After toying with C# today, I’ve decided that it is way to process-intensive to write the application on a runtime environment like .NET or Java. What I need is a simple language that can download a page, rip through text like a bandit, write the necessary fields to the database, and move on. I can organize the data when the search engine extracts that data.

I can’t commit to anything yet, but my spidey-sense is telling me that the crawler will be written in Perl with LWP. I suppose I could look at Ruby, too, but I already have my Camel book and have worked with LWP before. I haven’t tied Perl to a RDBMS, but I have done it with PHP and it must be similar. Perl can also do some limited recursion from what I understand, and if it can’t I may can use a database back-end to save the stacks of URLs.

I was ready to buy books at O’Reilly today (I chickened out of spending the money) and found a book on writing spiders. From the preview I surmised my crawler/spider must be registered. That means I have to go mainstream, doesn’t it?

And now after some more reading, I have discovered that this crawler can be used to build an index for special purposes. I can build my own search engine for this site, for example, and get much better results than I can searching the Google index for benrehberg.com. I have searched for things I know I wrote about, but never found them with Google. Building my own search engine and maintaining my own index of the site can prove useful if I keep writing about programming.

Update: I have created a new label “Web Crawler” for all posts related to this project.

How to Write a Search Engine

It seems a bit strange using the world’s best search engine to find out how to build your own. Google is my first resource in this project, though Google itself provides nothing but the idea. There is a paper at Stanford by Larry and Sergey, and that basically is the starting point. That is Google’s only contribution so far aside from the many searches I will perform.

There are three main parts to the search engine: the crawler, which tirelessly captures data from the web, the database to hold everything, and the actual search engine – the queries that put the data together in a meaningful format for you.

I could write a search engine that actually crawls the web looking for my search criteria, but that is very VERY inefficient. Google (and many others) have solved this inefficiency by effectively downloading the Web (that’s right – as much of it as they can) to their computers so it can search it much faster and have it available in one place. They’ve done a whole lot more to increase efficiency and effectiveness of searches, but downloading the web was the first thing they did. It turns out they needed a lot of computers.

I’m going to start with two. I have three desktops that no one wants to buy, and I am really tired of looking at them. I will probably need more if I get this index working soon, but there will be software considerations to make too. You can’t fit the web on one computer, no matter how big. I will learn a lot.

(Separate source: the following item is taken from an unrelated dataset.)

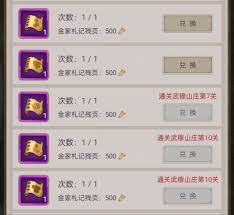 这就是江湖武穆山庄进度收获如何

I have always had an interest in distributed systems and cluster computing, so this will be fun. I have a lot to learn about distributed databases and algorithm analysis. But all that is later – I haven’t even really finished thinking out the preliminaries yet. So one development/crawling machine, and one database machine. After I figure out how to crawl the web, I will begin work on performing searches. If this project holds my interest long enough, I might publish statistics at 49times.com, so keep looking. I will be posting here if I come up with anything worth publishing. I’m going to try to journal my progress and decisions without publishing code, but I realize that I very well could lose interest in this. If I get started, I will likely enjoy it and keep going, but no one can say. If you have some confidence that I will continue, you can subscribe to this blog and get the updates. Beware, though, that you’ll get everything else I write too.

And I’m Spent…

It is working. After a long battle all day yesterday (and giving up on Apache), Ruby on Rails is running. The rest of my configuration is yet to be done (no database yet), but all in good time. Take nothing for granted: this is a very powerful server. Here are the specs (and yes, it is 2008):

Fedora Core 8
450MHz Pentium II

Should serve very well for the amount of traffic I expect at 49times.com.